__ACTIVITY__: Of the material below, the lines to be retyped are those from the line containing "TeenieWeenie Kids小熊童装男童简约时尚宽松印花短裤TKTM256322N 商品图1" through the line containing "Tropic Camo Sony A7MIV Camera Skins", inclusive; reproduce them exactly.
━━━━━ AVAILABLE RECORDS ━━━━━
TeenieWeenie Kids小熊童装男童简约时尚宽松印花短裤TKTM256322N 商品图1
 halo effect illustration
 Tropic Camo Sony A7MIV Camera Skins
━━━━━
━━━━━ AVAILABLE RECORDS ━━━━━
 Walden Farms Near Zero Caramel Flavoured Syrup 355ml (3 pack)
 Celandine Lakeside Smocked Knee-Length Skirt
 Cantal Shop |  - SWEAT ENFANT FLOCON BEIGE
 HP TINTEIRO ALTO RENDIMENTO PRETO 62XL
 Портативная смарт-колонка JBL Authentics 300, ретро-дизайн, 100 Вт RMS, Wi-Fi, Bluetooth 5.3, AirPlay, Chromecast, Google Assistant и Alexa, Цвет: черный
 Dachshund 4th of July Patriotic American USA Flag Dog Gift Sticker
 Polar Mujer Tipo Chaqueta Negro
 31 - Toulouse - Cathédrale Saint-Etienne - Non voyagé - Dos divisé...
━━━━━
━━━━━ AVAILABLE RECORDS ━━━━━
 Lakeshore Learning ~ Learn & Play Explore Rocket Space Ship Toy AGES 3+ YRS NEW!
━━━━━
__ANSWER TO THE PROBLEM__:
TeenieWeenie Kids小熊童装男童简约时尚宽松印花短裤TKTM256322N 商品图1
 halo effect illustration
 Tropic Camo Sony A7MIV Camera Skins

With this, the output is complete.